START Provided entries

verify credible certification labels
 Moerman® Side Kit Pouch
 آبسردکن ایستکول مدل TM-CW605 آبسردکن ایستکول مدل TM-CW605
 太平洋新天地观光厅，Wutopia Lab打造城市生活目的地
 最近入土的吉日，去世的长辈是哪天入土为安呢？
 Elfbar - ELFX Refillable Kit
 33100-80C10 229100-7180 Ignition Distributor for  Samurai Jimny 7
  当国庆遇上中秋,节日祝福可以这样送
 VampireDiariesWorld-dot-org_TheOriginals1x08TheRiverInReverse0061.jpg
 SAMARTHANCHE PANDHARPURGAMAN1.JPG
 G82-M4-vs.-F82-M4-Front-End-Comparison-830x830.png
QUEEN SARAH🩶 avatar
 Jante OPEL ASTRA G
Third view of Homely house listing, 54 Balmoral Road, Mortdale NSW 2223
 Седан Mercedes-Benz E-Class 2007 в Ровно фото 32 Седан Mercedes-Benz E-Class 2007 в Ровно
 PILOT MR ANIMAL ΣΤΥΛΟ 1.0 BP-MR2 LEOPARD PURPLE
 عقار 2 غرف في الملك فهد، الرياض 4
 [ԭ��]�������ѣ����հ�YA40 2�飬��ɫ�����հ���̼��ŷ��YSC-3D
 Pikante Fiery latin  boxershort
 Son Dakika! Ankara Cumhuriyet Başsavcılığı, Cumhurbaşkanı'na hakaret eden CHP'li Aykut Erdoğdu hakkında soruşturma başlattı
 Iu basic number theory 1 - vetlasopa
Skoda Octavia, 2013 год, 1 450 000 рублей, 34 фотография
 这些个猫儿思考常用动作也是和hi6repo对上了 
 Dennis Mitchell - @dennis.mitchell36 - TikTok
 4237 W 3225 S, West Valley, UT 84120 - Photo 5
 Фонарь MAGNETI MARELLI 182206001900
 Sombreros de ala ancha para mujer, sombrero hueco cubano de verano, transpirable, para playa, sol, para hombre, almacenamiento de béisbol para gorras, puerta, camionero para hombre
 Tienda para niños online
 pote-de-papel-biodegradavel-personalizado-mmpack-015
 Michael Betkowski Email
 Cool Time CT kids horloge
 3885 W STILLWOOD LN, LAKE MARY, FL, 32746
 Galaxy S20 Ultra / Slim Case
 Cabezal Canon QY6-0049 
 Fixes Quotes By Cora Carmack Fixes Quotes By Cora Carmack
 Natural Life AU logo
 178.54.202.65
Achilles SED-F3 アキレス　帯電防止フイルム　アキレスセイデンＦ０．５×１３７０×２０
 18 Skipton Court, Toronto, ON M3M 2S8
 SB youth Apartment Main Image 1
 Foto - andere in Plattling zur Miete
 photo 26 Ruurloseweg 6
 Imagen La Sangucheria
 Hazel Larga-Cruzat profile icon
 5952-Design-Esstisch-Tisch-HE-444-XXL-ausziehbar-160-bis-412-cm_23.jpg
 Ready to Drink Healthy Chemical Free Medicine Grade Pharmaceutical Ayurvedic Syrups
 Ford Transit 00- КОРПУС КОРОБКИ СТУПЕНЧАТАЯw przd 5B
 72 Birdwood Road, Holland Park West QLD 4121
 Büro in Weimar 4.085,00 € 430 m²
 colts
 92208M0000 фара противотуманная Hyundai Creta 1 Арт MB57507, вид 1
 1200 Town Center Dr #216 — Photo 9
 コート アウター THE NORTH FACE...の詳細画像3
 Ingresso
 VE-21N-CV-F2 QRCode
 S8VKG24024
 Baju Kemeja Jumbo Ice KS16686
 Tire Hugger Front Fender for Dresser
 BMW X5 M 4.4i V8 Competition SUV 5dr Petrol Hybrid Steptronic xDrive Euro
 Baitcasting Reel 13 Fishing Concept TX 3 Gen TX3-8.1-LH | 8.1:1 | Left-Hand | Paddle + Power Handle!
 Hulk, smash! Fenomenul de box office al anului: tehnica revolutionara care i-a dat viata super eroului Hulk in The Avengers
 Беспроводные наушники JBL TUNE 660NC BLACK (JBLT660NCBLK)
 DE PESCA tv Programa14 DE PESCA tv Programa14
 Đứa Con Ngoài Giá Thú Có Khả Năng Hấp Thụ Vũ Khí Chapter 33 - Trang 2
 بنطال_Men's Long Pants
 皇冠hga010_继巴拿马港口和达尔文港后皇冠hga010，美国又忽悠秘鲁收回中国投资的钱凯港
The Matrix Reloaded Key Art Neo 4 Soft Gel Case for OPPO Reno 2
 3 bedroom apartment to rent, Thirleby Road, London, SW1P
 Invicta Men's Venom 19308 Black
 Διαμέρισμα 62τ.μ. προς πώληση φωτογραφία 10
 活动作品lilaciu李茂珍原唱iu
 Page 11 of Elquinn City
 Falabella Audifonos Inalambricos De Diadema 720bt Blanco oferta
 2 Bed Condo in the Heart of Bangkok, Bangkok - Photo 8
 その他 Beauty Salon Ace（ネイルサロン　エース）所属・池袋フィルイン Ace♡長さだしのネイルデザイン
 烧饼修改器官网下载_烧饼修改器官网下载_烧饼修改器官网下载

END Provided entries

Give every entry again in full, precisely as written above.

#### Answer for this exercise
verify credible certification labels
 Moerman® Side Kit Pouch
 آبسردکن ایستکول مدل TM-CW605 آبسردکن ایستکول مدل TM-CW605
 太平洋新天地观光厅，Wutopia Lab打造城市生活目的地
 最近入土的吉日，去世的长辈是哪天入土为安呢？
 Elfbar - ELFX Refillable Kit
 33100-80C10 229100-7180 Ignition Distributor for  Samurai Jimny 7
  当国庆遇上中秋,节日祝福可以这样送
 VampireDiariesWorld-dot-org_TheOriginals1x08TheRiverInReverse0061.jpg
 SAMARTHANCHE PANDHARPURGAMAN1.JPG
 G82-M4-vs.-F82-M4-Front-End-Comparison-830x830.png
QUEEN SARAH🩶 avatar
 Jante OPEL ASTRA G
Third view of Homely house listing, 54 Balmoral Road, Mortdale NSW 2223
 Седан Mercedes-Benz E-Class 2007 в Ровно фото 32 Седан Mercedes-Benz E-Class 2007 в Ровно
 PILOT MR ANIMAL ΣΤΥΛΟ 1.0 BP-MR2 LEOPARD PURPLE
 عقار 2 غرف في الملك فهد، الرياض 4
 [ԭ��]�������ѣ����հ�YA40 2�飬��ɫ�����հ���̼��ŷ��YSC-3D
 Pikante Fiery latin  boxershort
 Son Dakika! Ankara Cumhuriyet Başsavcılığı, Cumhurbaşkanı'na hakaret eden CHP'li Aykut Erdoğdu hakkında soruşturma başlattı
 Iu basic number theory 1 - vetlasopa
Skoda Octavia, 2013 год, 1 450 000 рублей, 34 фотография
 这些个猫儿思考常用动作也是和hi6repo对上了 
 Dennis Mitchell - @dennis.mitchell36 - TikTok
 4237 W 3225 S, West Valley, UT 84120 - Photo 5
 Фонарь MAGNETI MARELLI 182206001900
 Sombreros de ala ancha para mujer, sombrero hueco cubano de verano, transpirable, para playa, sol, para hombre, almacenamiento de béisbol para gorras, puerta, camionero para hombre
 Tienda para niños online
 pote-de-papel-biodegradavel-personalizado-mmpack-015
 Michael Betkowski Email
 Cool Time CT kids horloge
 3885 W STILLWOOD LN, LAKE MARY, FL, 32746
 Galaxy S20 Ultra / Slim Case
 Cabezal Canon QY6-0049 
 Fixes Quotes By Cora Carmack Fixes Quotes By Cora Carmack
 Natural Life AU logo
 178.54.202.65
Achilles SED-F3 アキレス　帯電防止フイルム　アキレスセイデンＦ０．５×１３７０×２０
 18 Skipton Court, Toronto, ON M3M 2S8
 SB youth Apartment Main Image 1
 Foto - andere in Plattling zur Miete
 photo 26 Ruurloseweg 6
 Imagen La Sangucheria
 Hazel Larga-Cruzat profile icon
 5952-Design-Esstisch-Tisch-HE-444-XXL-ausziehbar-160-bis-412-cm_23.jpg
 Ready to Drink Healthy Chemical Free Medicine Grade Pharmaceutical Ayurvedic Syrups
 Ford Transit 00- КОРПУС КОРОБКИ СТУПЕНЧАТАЯw przd 5B
 72 Birdwood Road, Holland Park West QLD 4121
 Büro in Weimar 4.085,00 € 430 m²
 colts
 92208M0000 фара противотуманная Hyundai Creta 1 Арт MB57507, вид 1
 1200 Town Center Dr #216 — Photo 9
 コート アウター THE NORTH FACE...の詳細画像3
 Ingresso
 VE-21N-CV-F2 QRCode
 S8VKG24024
 Baju Kemeja Jumbo Ice KS16686
 Tire Hugger Front Fender for Dresser
 BMW X5 M 4.4i V8 Competition SUV 5dr Petrol Hybrid Steptronic xDrive Euro
 Baitcasting Reel 13 Fishing Concept TX 3 Gen TX3-8.1-LH | 8.1:1 | Left-Hand | Paddle + Power Handle!
 Hulk, smash! Fenomenul de box office al anului: tehnica revolutionara care i-a dat viata super eroului Hulk in The Avengers
 Беспроводные наушники JBL TUNE 660NC BLACK (JBLT660NCBLK)
 DE PESCA tv Programa14 DE PESCA tv Programa14
 Đứa Con Ngoài Giá Thú Có Khả Năng Hấp Thụ Vũ Khí Chapter 33 - Trang 2
 بنطال_Men's Long Pants
 皇冠hga010_继巴拿马港口和达尔文港后皇冠hga010，美国又忽悠秘鲁收回中国投资的钱凯港
The Matrix Reloaded Key Art Neo 4 Soft Gel Case for OPPO Reno 2
 3 bedroom apartment to rent, Thirleby Road, London, SW1P
 Invicta Men's Venom 19308 Black
 Διαμέρισμα 62τ.μ. προς πώληση φωτογραφία 10
 活动作品lilaciu李茂珍原唱iu
 Page 11 of Elquinn City
 Falabella Audifonos Inalambricos De Diadema 720bt Blanco oferta
 2 Bed Condo in the Heart of Bangkok, Bangkok - Photo 8
 その他 Beauty Salon Ace（ネイルサロン　エース）所属・池袋フィルイン Ace♡長さだしのネイルデザイン
 烧饼修改器官网下载_烧饼修改器官网下载_烧饼修改器官网下载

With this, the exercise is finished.